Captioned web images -
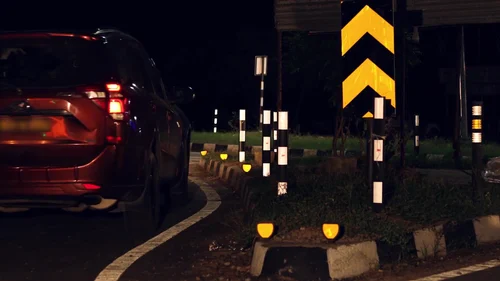 Reflective Delineators
Nighttime Work Zone Safety
Traffic Control Devices
Road Safety Enhancement
Effective Traffic Management
Reflective Safety Equipment
Traffic Safety Maintenance
Work Zone Visibility
Digital Traffic Control
Safety Network Inc. Solutions
Reflective Delineators: Enhancing Nighttime Work Zone Safety | Safety Network Inc.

Directions for this task -
Wherever a line in the data above contains the word "Nighttime", copy that line.

Exercise answer -
Nighttime Work Zone Safety
Reflective Delineators: Enhancing Nighttime Work Zone Safety | Safety Network Inc.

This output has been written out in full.